Giving It All Up, Getting Back Very Much More – From the Daily Office Lectionary – November 26, 2012

From Luke’s Gospel:

Jesus said, “It is easier for a camel to go through the eye of a needle than for someone who is rich to enter the kingdom of God. Those who heard it said, “Then who can be saved?” He replied, “What is impossible for mortals is possible for God.” Then Peter said, “Look, we have left our homes and followed you.” And he said to them, “Truly I tell you, there is no one who has left house or wife or brothers or parents or children, for the sake of the kingdom of God, who will not get back very much more in this age, and in the age to come eternal life.”

(From the Daily Office Lectionary – Luke 18:25-30 (NRSV) – November 26, 2012)
 
Jesus Talking to the DisciplesDo you ever wish someone whom you respect and admire hadn’t said what they said, because what they said is so hard to explain to someone who doesn’t respect and admire them, and what they said just sounds wrong, even to you? Then you know how I feel about the last response of Jesus in this conversation with Peter!

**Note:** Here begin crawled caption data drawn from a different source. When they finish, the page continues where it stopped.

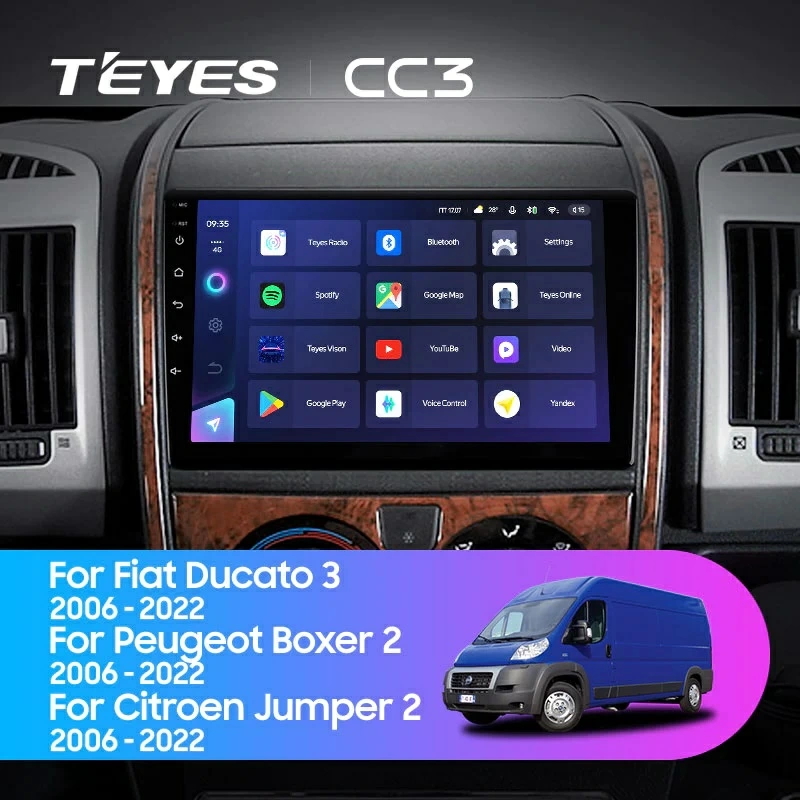 Navigatie Auto Teyes CC3 2K 360° Fiat Ducato 3 2006-2022 6+128GB 9.5" QLED Octa-core 2Ghz, Android 4G Bluetooth 5.1 DSP [1]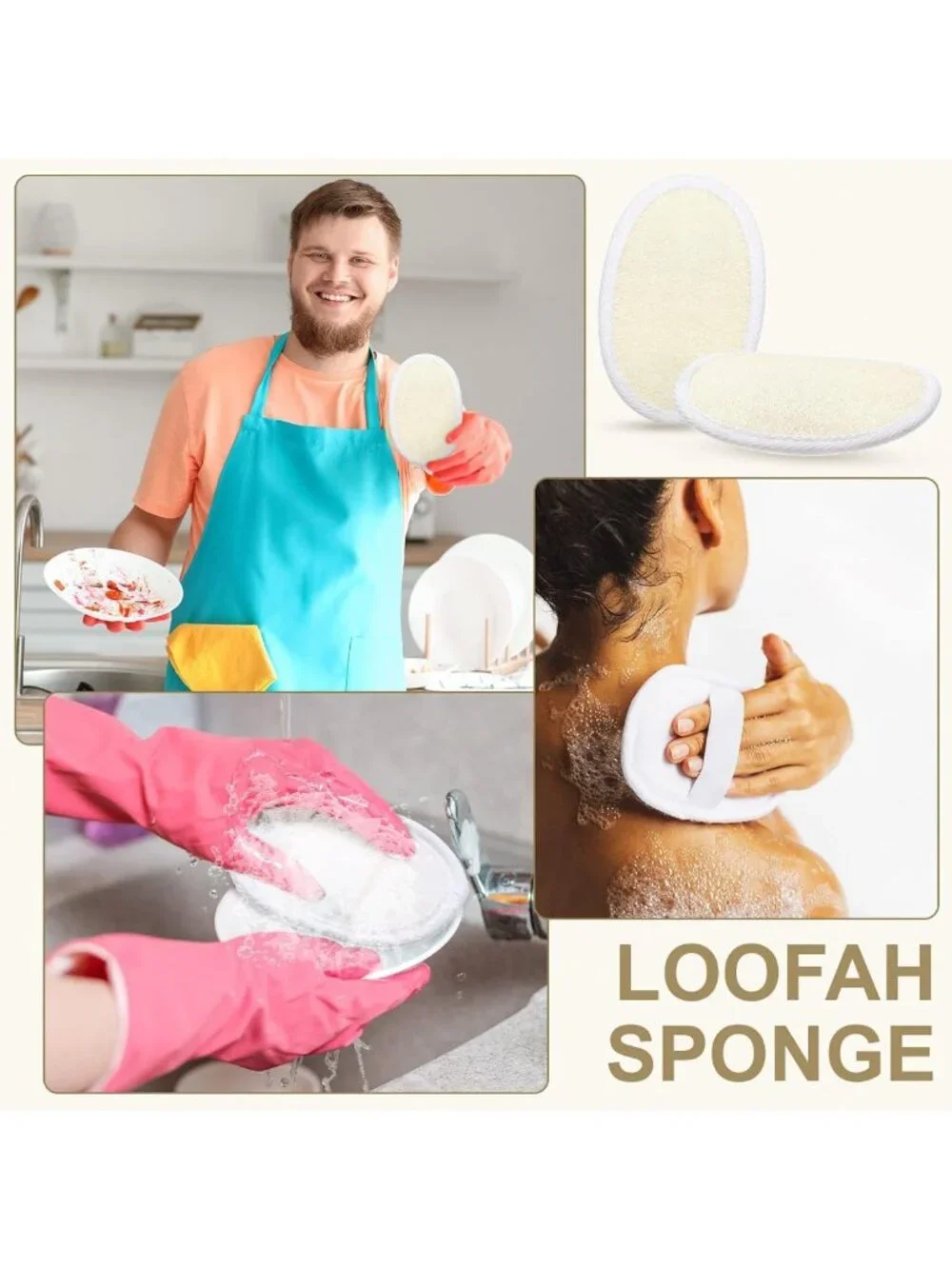 50 Exfoliating Loofah Pads - Natural Body Scrubber for Spa & Shower Use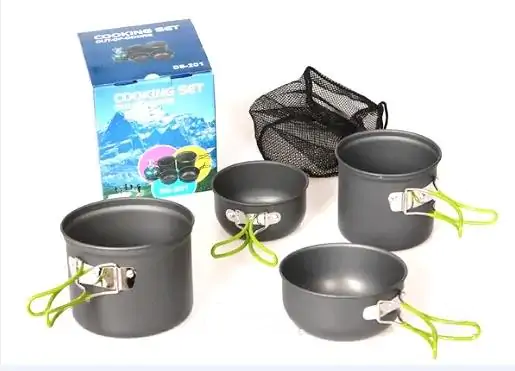 Купить оптом Алюминиевый туритический набор посуды (4 кастрюли) COOKING SET DS-201 в Украине 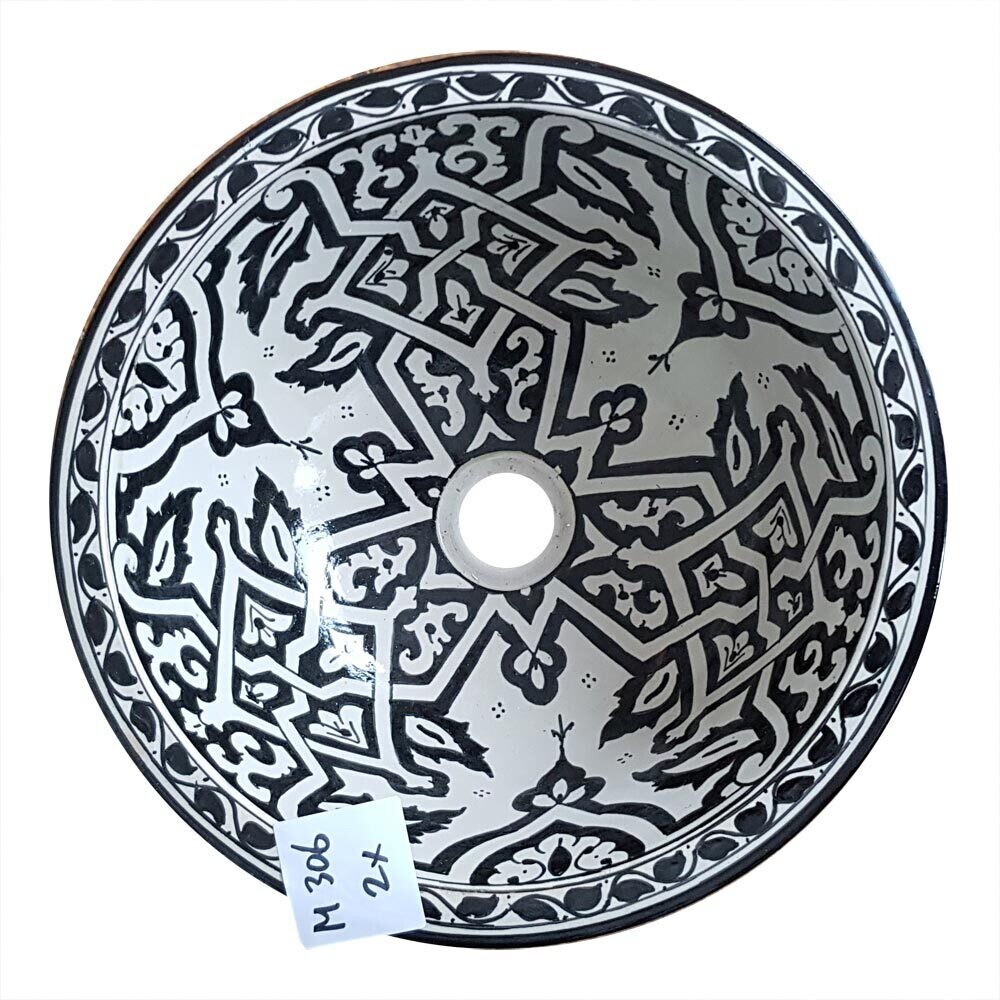 Marokkaanse waskom "M306"- aardewerk (opbouw) wasbak uit Fez - Ø 35 cm met zwart wit motief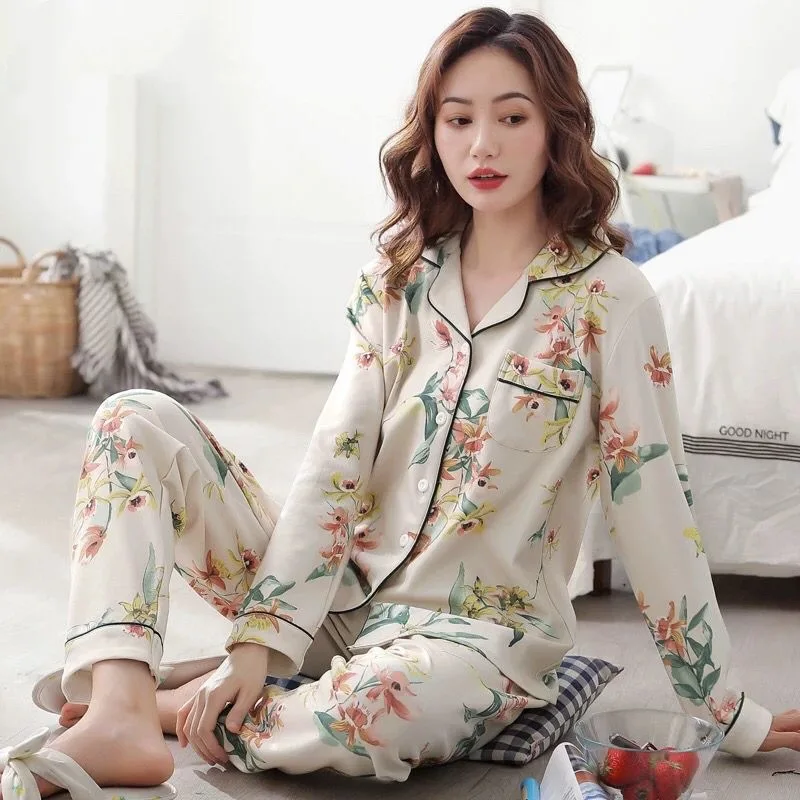 

Autumn Fashion Floral Print Women's Home Set Long-Sleeve Lapel Top With Pockets And Long Pants Breathabel Fabric Fit Sleepwear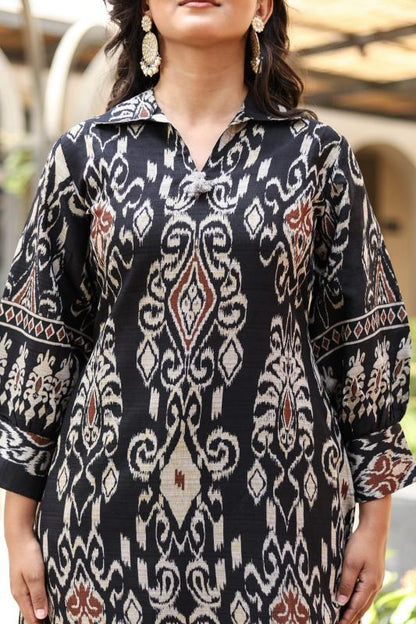 Black with White Embroidered Cotton Kurti for Women | FreshStylishNew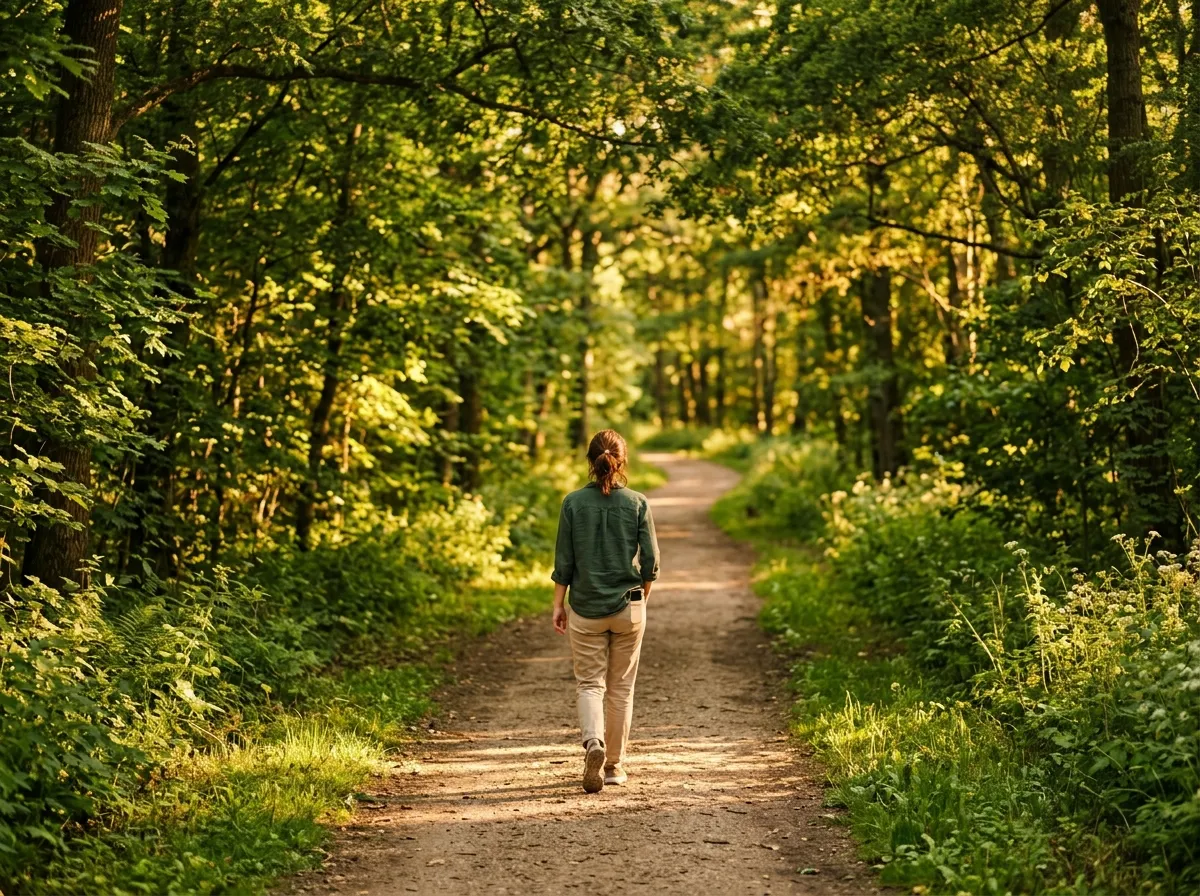 Person taking a walk outdoors in a green park with headphones off and phone away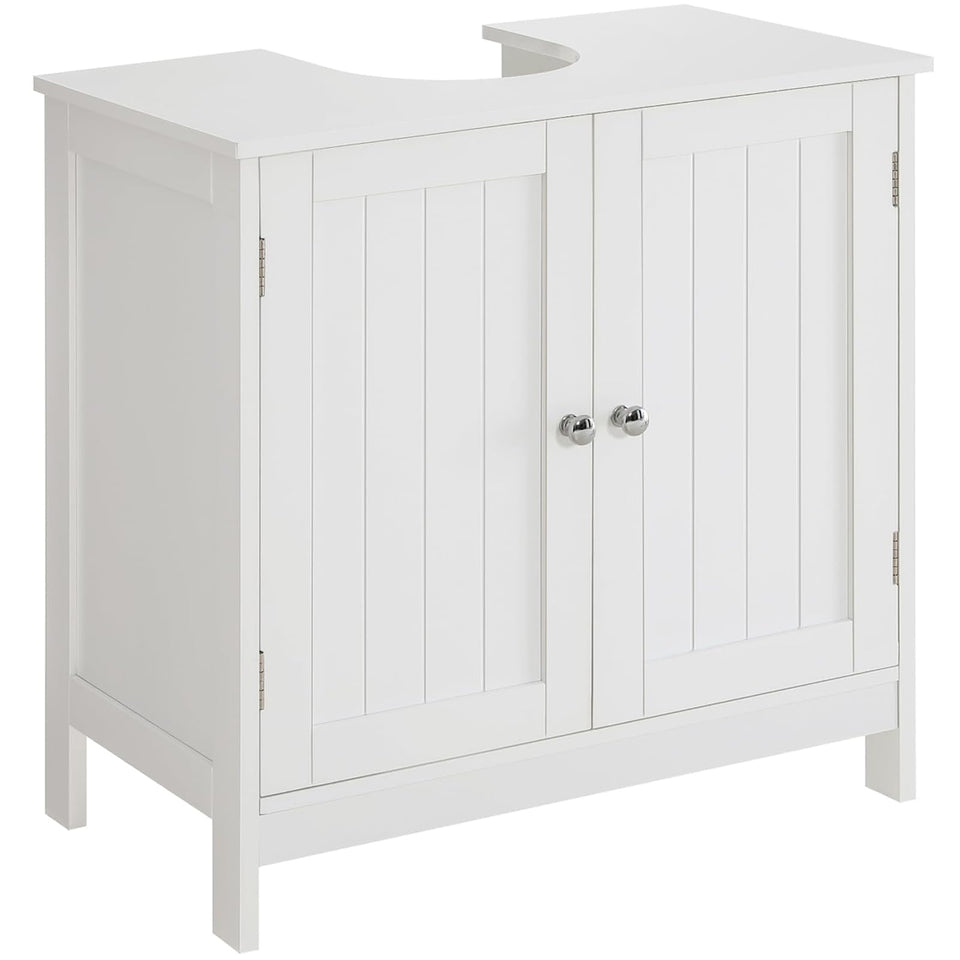 Iwell pedestal sink storage cabinet with two doors keeps essentials organized.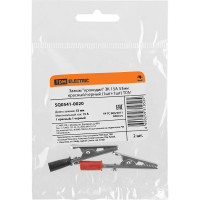 Зажим "крокодил" TDM ELECTRIC ЗК 15А 53мм красный/черный 1шт+1шт SQ0541-0020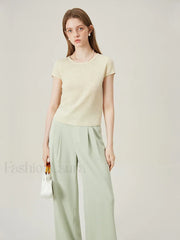 Soft Wool Lace Up Summer Grey T Shirt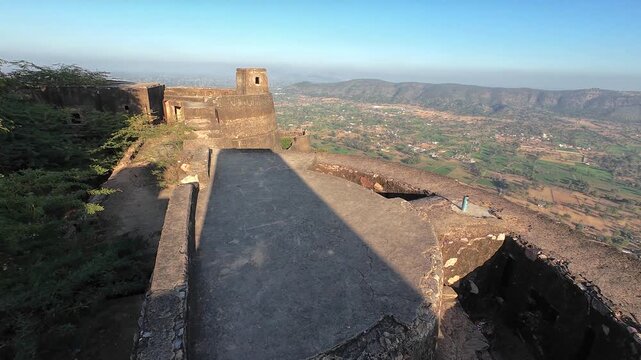 Exploring the Historic Fortress of Deogarh Featuring Weathered Stone Fortifications and Strategic Defensive Structures on a Rugged Hilltop Landmark, Sikar, Rajasthan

Jesus has just answered the question of someone Luke calls “a certain ruler” (in Mark’s Gospel he is described as a “rich young man”) about how to inherit eternal life with the famous reply, “Sell everything you own and give the money to the poor.” The disciples (more people than the Twelve, I think) are as unhappy with this hyperbolic response as the original questioner, and Peter seems downright outraged. “What are you saying?” I can almost hear him shouting at Jesus. “We have given up everything for you!” Is Jesus simply placating him with the promise of pie-in-the-sky-by-and-by? That’s what it sounds like. “Don’t worry! You’ll get it all back and get to live forever, too!”

Of course, I’m pretty certain that’s not what Jesus meant, but it’s so hard to explain that to someone who is skeptical of this whole God-Incarnate thing to begin with.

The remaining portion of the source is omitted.